Bringing dynamic advertising to the new multiplatform mix is also on the INTX agenda.
“We’re seeing the rollout of video advertising solutions follow the consumer trend toward time-shifted viewing on smartphones, tablets and other IP devices,” said Nick Troiano, president and CEO, BlackArrow. “Our customers are investing in solutions that let them monetize TV Everywhere content so that advertisers can get their messages to consumers in a targeted way, across all screens.”
Metrological, Rotterdam-based TV app provider, has high hopes for its first appearance at the U.S. cable convention. The company, which recently won an European Cable Congress Innovation award, will exhibit and its CTO will present a paper at the Tech Forum.

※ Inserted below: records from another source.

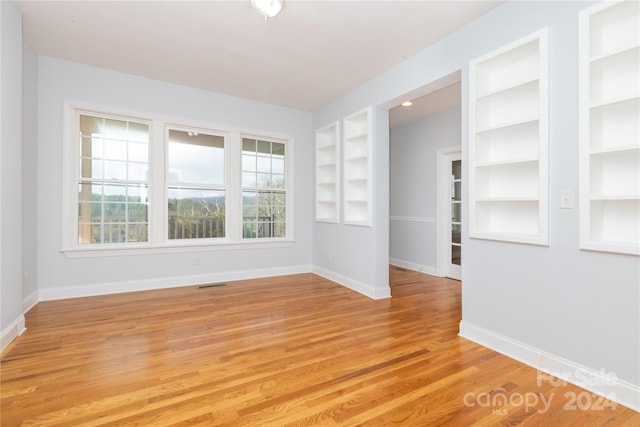 spare room with light hardwood / wood-style floors and built in features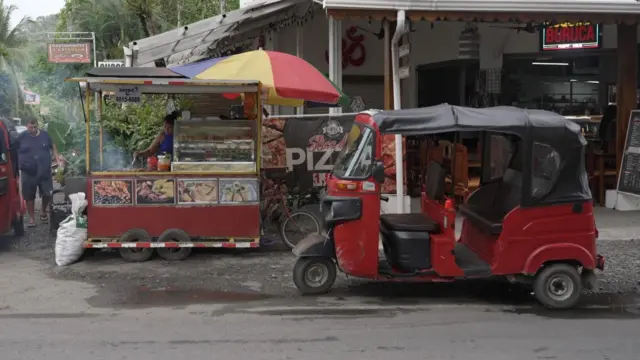 Un vehículo tuk tuk rojo está estacionado a un lado de la vía principal de Puerto Viejo mientras una mujer atiende un puesto de comida rápida que ofrece comida tradicional del Caribe costarricense.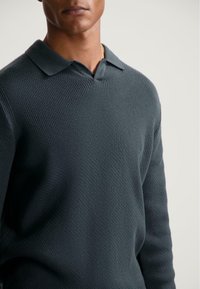 Man wearing a dark blue textured knit sweater with a collar against a plain light background, showing upper torso and neck.
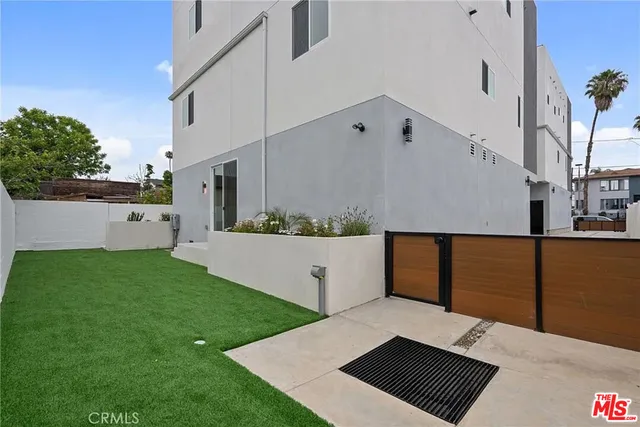 a view of room with stairs and mirrors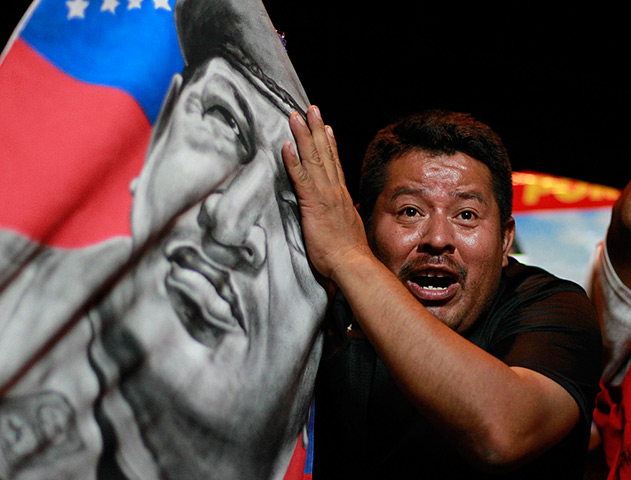 Venezuela results: A supporter of Nicolas Maduro holds a Hugo Chavez banner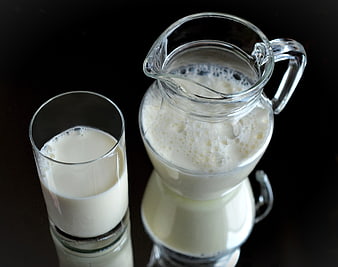 Fresh milk in glass and pitcher on black background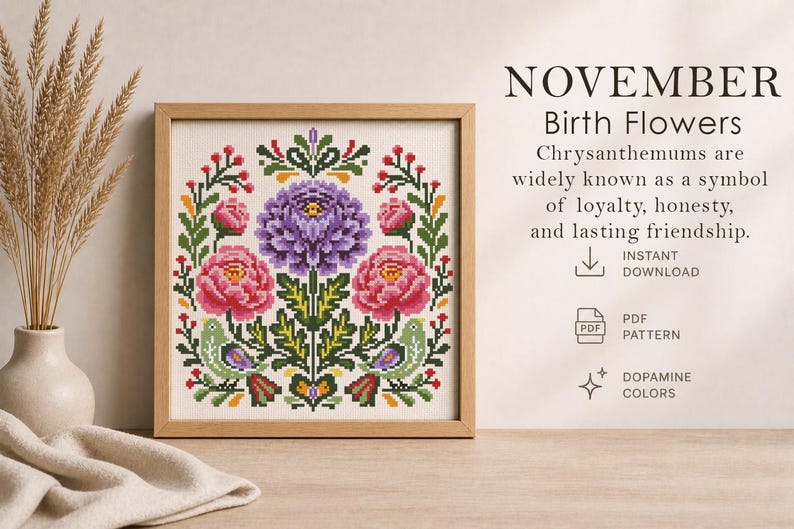 May include: A framed cross-stitch pattern featuring a floral design with a central purple flower and two pink flowers. The text "NOVEMBER Birth Flowers" is at the top, with additional text below. The design includes green leaves and birds.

“INTX is a big show for us,” said Jeroen Ghijsen, CEO and co-founder of Metrological. “We are looking forward to ... the growing industry discussions around integrating apps into the overall cable video experience.”
The convention’s co-chairs Alfred Liggins, chairman and CEO of TV One, and Jerry Kent, chairman and CEO of Suddenlink Communications, concur about the need for inter-industry agreements.
“We’ve transcended old boundaries and entered promising new domains,” they said in a statement, calling INTX a reflection of “this reality.”
York, Bell and the NCTA organizers hope that the expected 10,000 attendees will appreciate the convergence of competing interests.